Er kannte genügend ältere Jungen, die herumlungerten und keine Arbeit oder Lehrstelle bekamen. Sie wussten nichts mit sich anzufangen, trafen sich oft an bestimmten Plätzen, tranken Alkohol und pöbelten andere an. So etwas Sinnloses wollte er nicht tun. Er glaubte zwar daran, ganz auf sich gestellt in der Natur überleben zu können, wusste aber nicht, ob Deutschland der richtige Ort dafür wäre. Vielleicht sollte er einmal nach Kanada oder Australien auswandern.
Kurz nachdem er mit dem Abschreiben fertig geworden war, betrat Lehrer Steinbrech die Klasse. Und natürlich wurde Max als erster aufgefordert, seine Inhaltsangabe vorzulesen. Danach konnte er aufatmen, denn er wurde gelobt. Er drehte sich zu Marie-Sophie um und warf ihr lächelnd einen nicht zu dankbaren Blick zu. Und weil er nun einmal gut gestimmt war, beteiligte er sich auch am nachfolgenden Unterricht, obwohl ihn das, was sie zu lesen bekamen, unendlich wütend machte. Steinbrech hatte Zeitungsabschnitte gesammelt und befestigte sie mit Magneten an der Tafel.

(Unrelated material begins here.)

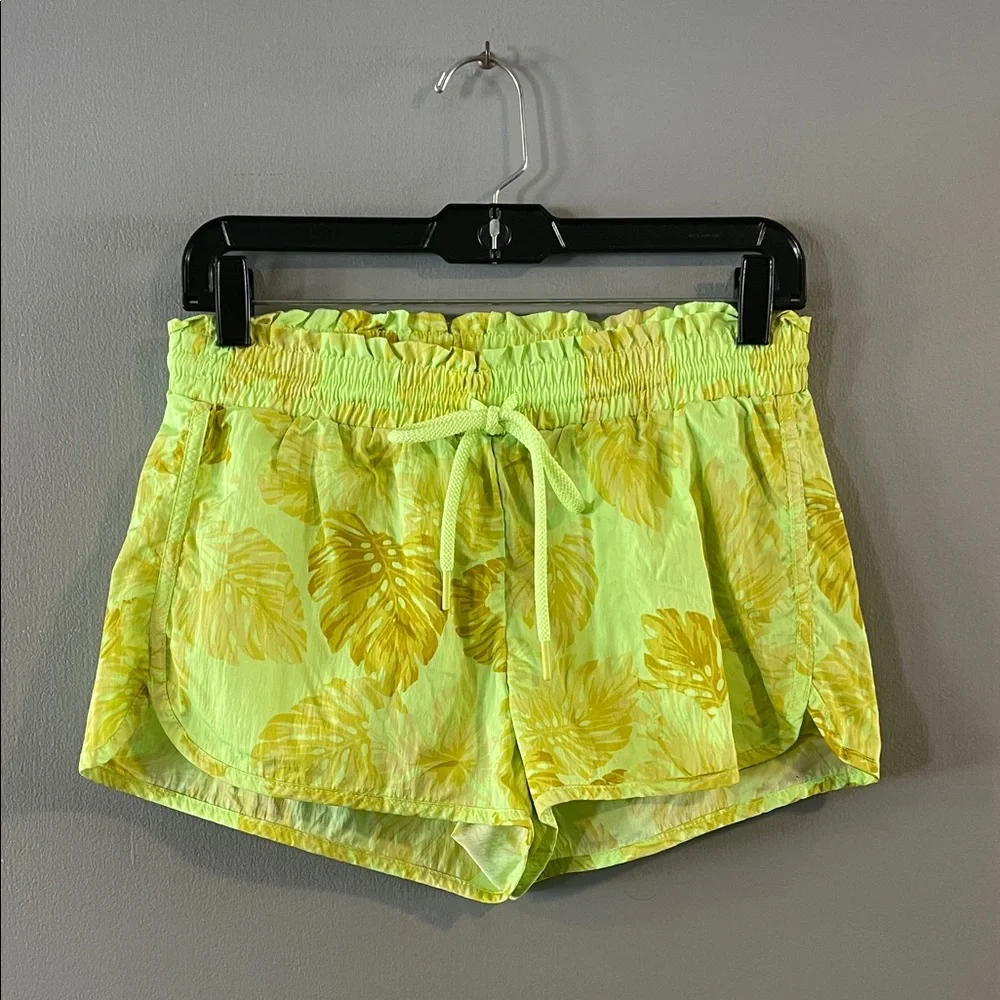 Aerie Drawstring lime green Running Shorts Glowbug‎ Size S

Babyleichen in Blumentöpfen gefunden Säugling vom Balkon geworfen Schon wieder ein Kind in Wohnung der Eltern verhungert Säugling vor Babyklappe an Unterkühlung gestorben Säugling auf Tankstellentoilette zurückgelassen
Die Schüler kannten die Überschriften aus den Zeitungen. Seit 2006 hatte immer wieder eines dieser Ereignisse die Zeitungsseiten gefüllt. Die gefühlvolle Michaela äußerte sich sofort ganz spontan:
„Was geschieht da eigentlich hier bei uns, sterben wir bald aus, weil es keiner mehr schafft, sich um die Kleinen zu kümmern? Warum lieben diese Eltern ihre Kinder nicht, wie können sie sie so erbärmlich behandeln! Was sind das bloß für Menschen?“
„Und das Schlimmste ist“, sagte Marie-Sophie, „dass diese Menschen eigentlich ganz normal aussehen, nur irgendwie selbst auch oft etwas kümmerlich und krank.“
Es entwickelte sich eine aufgeregte Diskussion. Gründe für das Verhalten der Eltern wurden angedacht und nach Maßnahmen gesucht, die diese Katastrophen hätten vermeiden können.

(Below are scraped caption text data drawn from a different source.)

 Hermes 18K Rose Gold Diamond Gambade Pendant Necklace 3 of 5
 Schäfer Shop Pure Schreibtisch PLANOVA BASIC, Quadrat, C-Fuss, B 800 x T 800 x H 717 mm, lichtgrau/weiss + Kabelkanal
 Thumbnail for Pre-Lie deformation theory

Alle redeten sich die Köpfe heiß.
Schließlich griff Herr Steinbrech ordnend ein. Können wir etwas feststellen, was diese Fälle gemeinsam haben?

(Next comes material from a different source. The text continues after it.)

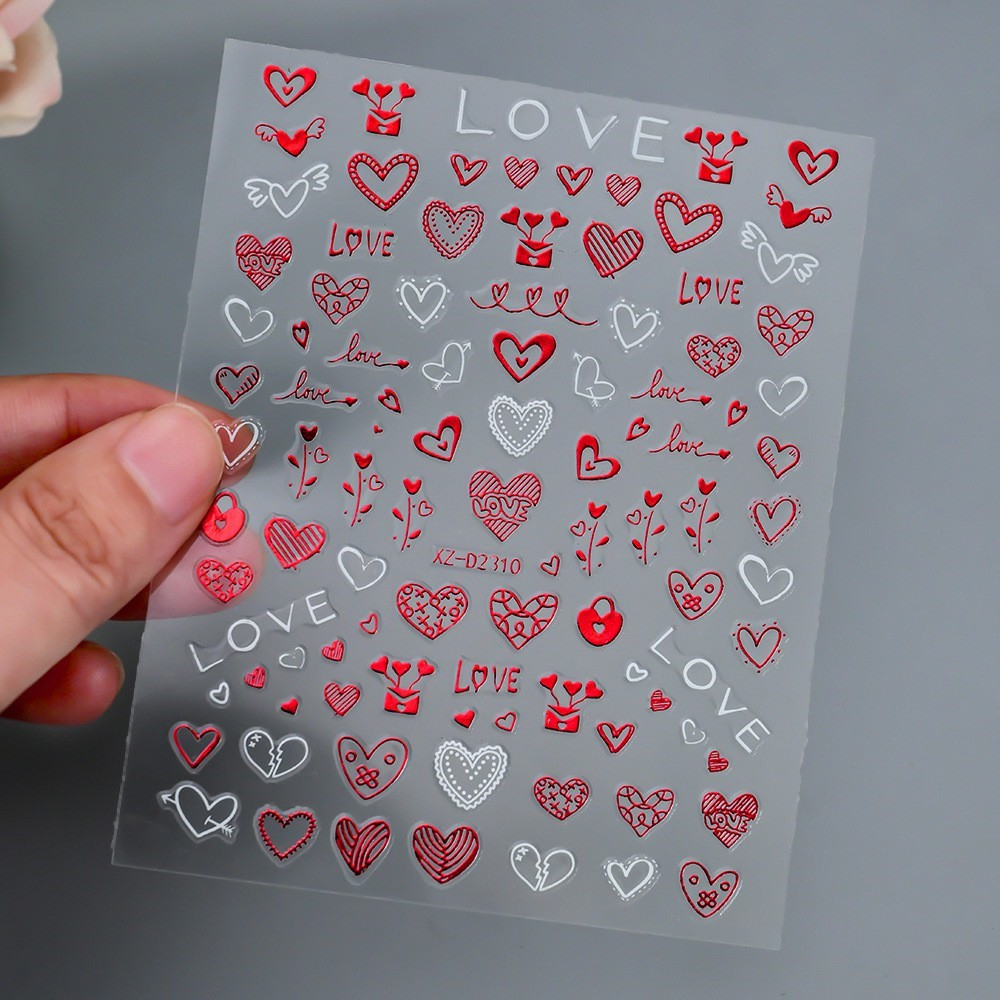 (808-tlg. Set) Nagel Sticker Nail Art Tattoo Selbstklebende Aufkleber Valentinstag - Rot / Weiss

„Ja“, antwortete Max ganz spontan, „alle diese kleinen Wesen wurden nicht geliebt, sie waren lästig und unerwünscht.“ Sofort protestierten andere gegen diese Aussage. „Kinder können doch nicht lästig sein!“
„Aber man muss heute doch kein Kind bekommen, wenn man es nicht will, es gibt doch schließlich Verhütungsmittel“, rief nun auch Sonja in die Klasse. Sofort erhob sich ein Stimmengewirr, und alle redeten durcheinander. Der Pausengong wurde überhört, weil alle auf einmal ihre Meinung äußern wollten. Das Thema interessierte sie.
„Wisst ihr was, wir nehmen diese furchtbaren Fälle als Anlass, über Erziehung nachzudenken. Schreibt doch bitte einmal auf, wie ihr von euren Eltern erzogen werdet. Wie viel Zeit eure Eltern für euch aufwenden mussten für eure Versorgung und Betreuung als Baby und Kleinkind und welche Regeln und Verhaltensmaßnahmen sie euch mitgaben.“
Mit diesen Worten schloss Herr Steinbrech die Stunde und ließ eine emotional aufgewühlte Schar zurück.